Aim of the exercise> Transcribe exactly the lines from the one containing "台北机场Hello Kitt" through the end of the data, both included. Leave out pictures.

Material provided>
-------------------------
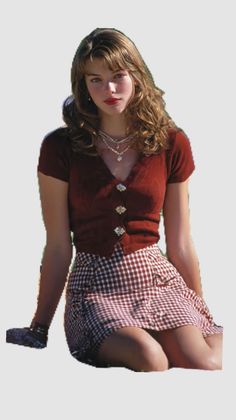 Woman with long hair wearing a red top and gingham skirt, sitting outdoors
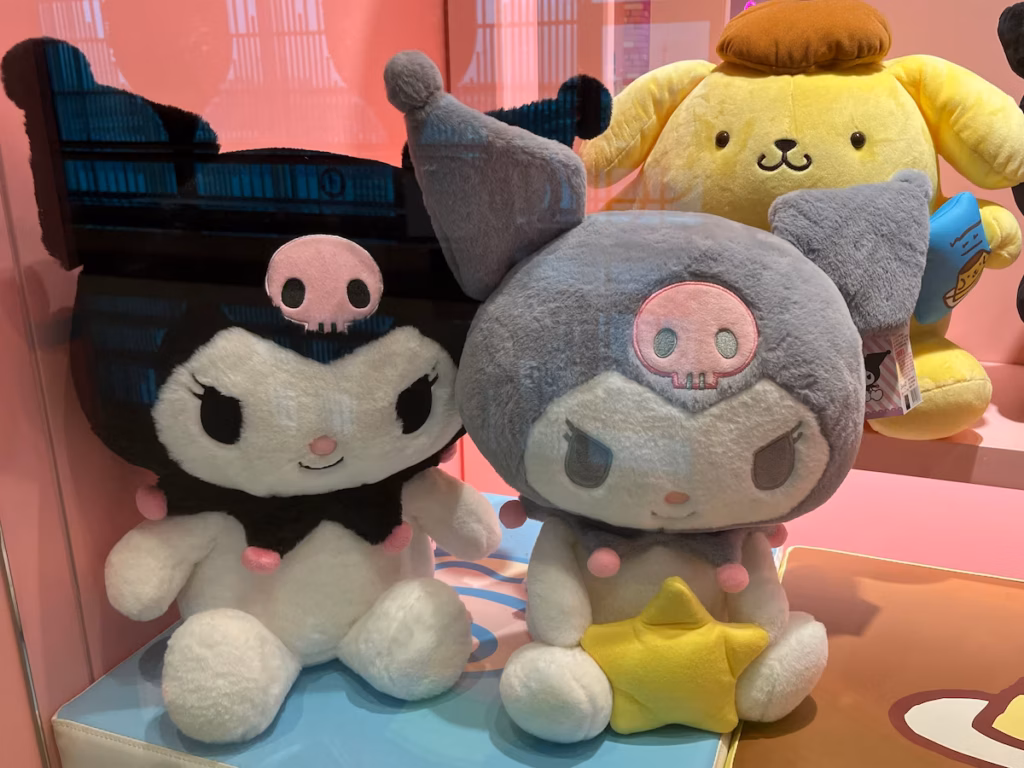 台北机场Hello Kitty商店橱窗，黑色与灰色Kuromi布偶，灰色手持黄色星星，后方Pompompurin布偶观望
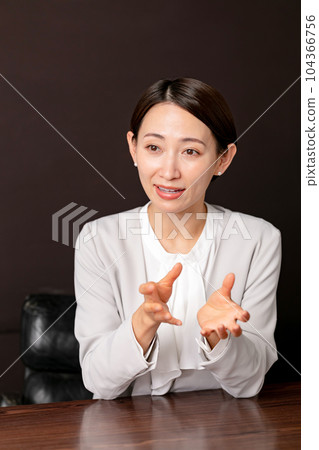 Woman having a conversation Interview 104366756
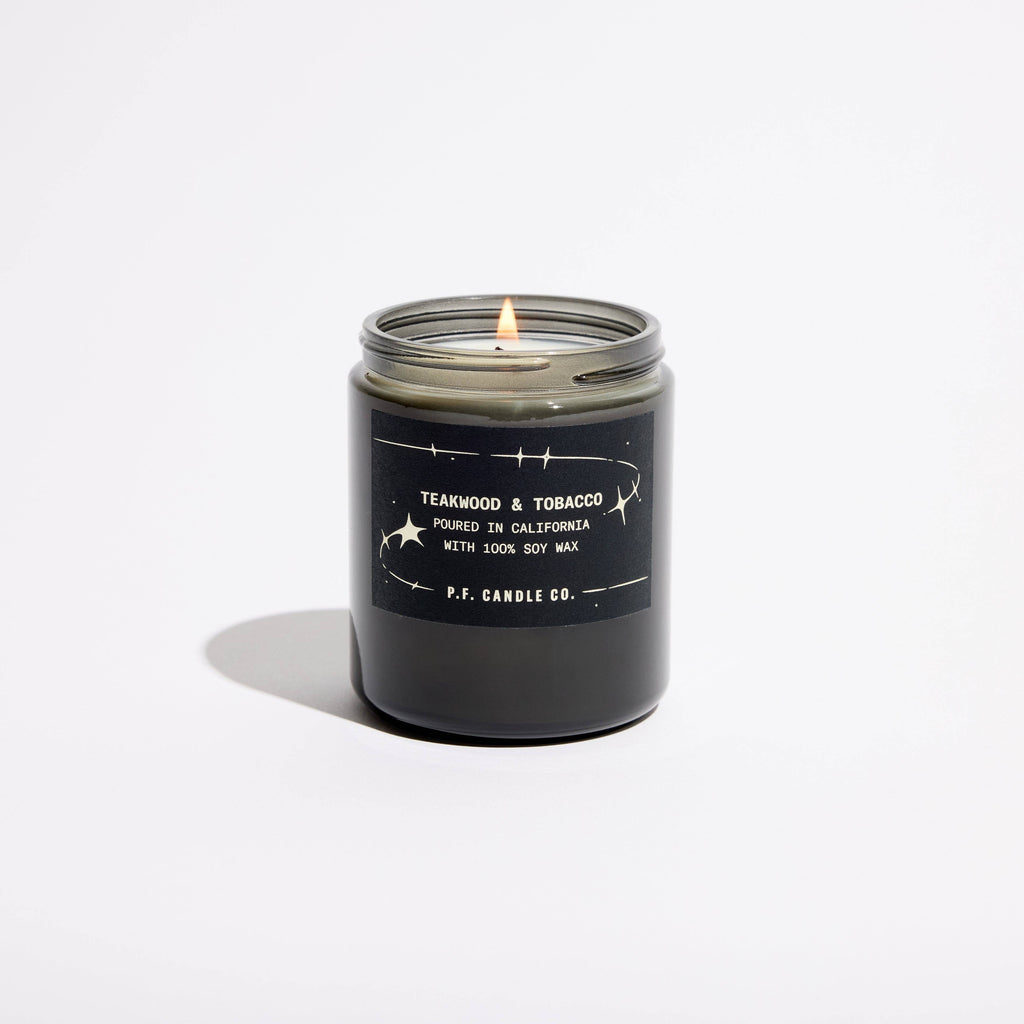 P.F. Candle Co. Teakwood & Tobacco Celestial Collection candle in a glass jar, showcasing a warm, earthy candle with wooden and tobacco scent.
-------------------------
Solution for this problem>
 台北机场Hello Kitty商店橱窗，黑色与灰色Kuromi布偶，灰色手持黄色星星，后方Pompompurin布偶观望
 Woman having a conversation Interview 104366756
 P.F. Candle Co. Teakwood & Tobacco Celestial Collection candle in a glass jar, showcasing a warm, earthy candle with wooden and tobacco scent.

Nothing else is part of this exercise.